Simply put, they’re not twins.
“They have this twin power,” teammate Elise Zappia said. And they’ve always had it. They played together on the same hockey line. The chemistry was evident on the softball field, where Megan was short stop and Nicole manned first base.
“They’ve just always had that connection,” Kristina said. And, yes, they’ve always had a knack for what siblings do best as well: bicker. Kristina jokes – it’s also quite possible she’s not joking – that she had bruises on her stomach during her pregnancy from the twins fighting before they were even born. Both admit that they’ll say things to each other they wouldn’t dare say to a partner not named McNamara. And yet their sometimes-unrealistic expectations of one another, of pushing, of demanding the sometimes impossible, is another element, another ingredient to that secret sauce, that allows them to not only compete with players named Walsh Jennings and Sweat, but to challenge them, to take a set, to vie for a medal.
“The expectations of each other are through the roof, and they probably wouldn’t have such high expectations for a different partner,” Alzina said. “It makes them push so hard all the time, and try to outdo each other all the time.”
This Twin Power, whether it be the ethereal connection or the expectations only a sibling could have for another, is what Alzina believes is what has led to “any big win” they’ve had, of which there are many.
“There’s plenty of players who can hit it harder than them and jump higher than them and dig as many balls as them,” he said. “To me, all their big wins are when their chemistry kicks in, when they decide, clearly, between them, that they want to crush their opponent. When they decide, ‘We’re going to kill that team. That team cannot beat us today.’ Their positivity and aggressiveness doubles in a way no other partnership could. It’s not only that these are siblings, it’s ‘These are twins throwing every ounce of their energy against someone.’ It’s totally dangerous.”
He knows just how to get that dangerous vibe out of them, Alzina. And when.

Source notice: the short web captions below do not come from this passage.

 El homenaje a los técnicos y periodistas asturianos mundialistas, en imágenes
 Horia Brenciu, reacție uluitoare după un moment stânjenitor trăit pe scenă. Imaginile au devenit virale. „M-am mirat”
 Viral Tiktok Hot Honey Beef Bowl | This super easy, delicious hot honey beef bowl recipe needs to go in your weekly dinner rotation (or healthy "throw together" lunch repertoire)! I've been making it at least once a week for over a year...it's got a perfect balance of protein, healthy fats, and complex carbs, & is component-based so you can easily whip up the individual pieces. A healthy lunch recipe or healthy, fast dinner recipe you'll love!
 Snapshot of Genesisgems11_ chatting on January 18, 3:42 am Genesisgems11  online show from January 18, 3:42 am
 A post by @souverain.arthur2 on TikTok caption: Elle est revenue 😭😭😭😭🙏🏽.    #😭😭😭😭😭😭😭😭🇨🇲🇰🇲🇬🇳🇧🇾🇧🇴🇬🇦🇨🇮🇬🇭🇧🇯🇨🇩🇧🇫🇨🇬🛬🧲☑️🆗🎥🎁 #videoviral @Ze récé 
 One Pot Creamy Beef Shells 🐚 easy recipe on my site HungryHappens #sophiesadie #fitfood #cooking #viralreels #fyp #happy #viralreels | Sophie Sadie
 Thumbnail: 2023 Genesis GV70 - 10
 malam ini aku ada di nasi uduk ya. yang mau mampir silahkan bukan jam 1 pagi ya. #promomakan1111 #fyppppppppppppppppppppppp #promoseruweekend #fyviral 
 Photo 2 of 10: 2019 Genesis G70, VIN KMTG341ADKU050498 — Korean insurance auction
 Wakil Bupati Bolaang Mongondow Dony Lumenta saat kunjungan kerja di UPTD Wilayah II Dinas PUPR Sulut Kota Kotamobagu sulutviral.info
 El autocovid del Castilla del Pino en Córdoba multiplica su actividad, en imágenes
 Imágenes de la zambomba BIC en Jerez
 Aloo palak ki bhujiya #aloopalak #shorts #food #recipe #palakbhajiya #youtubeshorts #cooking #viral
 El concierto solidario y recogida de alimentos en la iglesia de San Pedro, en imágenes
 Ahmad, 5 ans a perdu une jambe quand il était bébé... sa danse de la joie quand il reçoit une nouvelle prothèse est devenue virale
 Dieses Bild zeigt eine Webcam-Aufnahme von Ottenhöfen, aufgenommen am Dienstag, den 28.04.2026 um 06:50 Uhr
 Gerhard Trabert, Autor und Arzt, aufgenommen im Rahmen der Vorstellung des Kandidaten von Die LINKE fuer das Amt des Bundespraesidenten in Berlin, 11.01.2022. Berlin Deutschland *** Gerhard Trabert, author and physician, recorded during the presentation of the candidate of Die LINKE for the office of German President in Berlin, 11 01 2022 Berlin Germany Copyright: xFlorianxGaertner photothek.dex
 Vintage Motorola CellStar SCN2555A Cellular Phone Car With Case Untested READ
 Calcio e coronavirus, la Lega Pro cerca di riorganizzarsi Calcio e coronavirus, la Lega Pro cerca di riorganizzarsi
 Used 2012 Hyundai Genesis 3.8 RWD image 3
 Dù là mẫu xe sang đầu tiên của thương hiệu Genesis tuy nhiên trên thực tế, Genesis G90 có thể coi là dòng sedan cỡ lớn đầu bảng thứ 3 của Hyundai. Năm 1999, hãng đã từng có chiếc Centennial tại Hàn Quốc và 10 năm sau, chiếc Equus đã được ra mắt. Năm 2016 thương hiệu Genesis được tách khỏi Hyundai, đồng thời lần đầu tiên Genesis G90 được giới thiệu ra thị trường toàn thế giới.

Prior to a match against USC’s No. 1, Abril Bustamante and Tina Graudina, he reminded the twins that the Trojans were largely considered the best team not only in the Pac-12, but in the nation.
“Do you want it?” he asked them. “Because you can go out right now and take it.”
“They just chomp at the bit for stuff like that,” Alzina said. “They’re internally motivated for sure, but when you throw in some external motivation, it matters. It helps, as long as it’s positive in a way.”
The twins won that match in straight sets. By season’s end, they would be named Team of the Year, while Nicole, the lefty of the two, was dubbed Player of the Year.
The same team that every other coach wanted to split up, save one.
“It can be a disadvantage,” Metzger admitted of their lack of height. “And in some matches, they have to be perfect, but I’ve seen them be just about perfect, so I’m not going to be the one to tell them they can’t do it. I wasn’t going to be the one at the college level to tell them they couldn’t play together, and I’m not going to be the person to tell them they can’t do it at the pro level.”
They’ve already proven Metzger prescient at the college level. As freshmen, the twins went 16-12; sophomores 28-7, juniors 35-7, a rise that coincided with the Bruins’, who improved from 22-8 to 30-6 to 40-4, culminating with the school’s first National Championship.
Now they’re proving him prescient again at the pro level.
The twins did not win that match in Mexico against Walsh Jennings and Sweat, falling 21-16, 8-21, 10-15. But despite how competitive the two are, they weren’t all that mad about the result.
“Even after the game it was hard to get upset at the loss,” Nicole said, “because even making it that far was more than we expected.”
So they’ll continue exceeding expectations, these McNamaras. And they’re going to do so the only way they know how: together.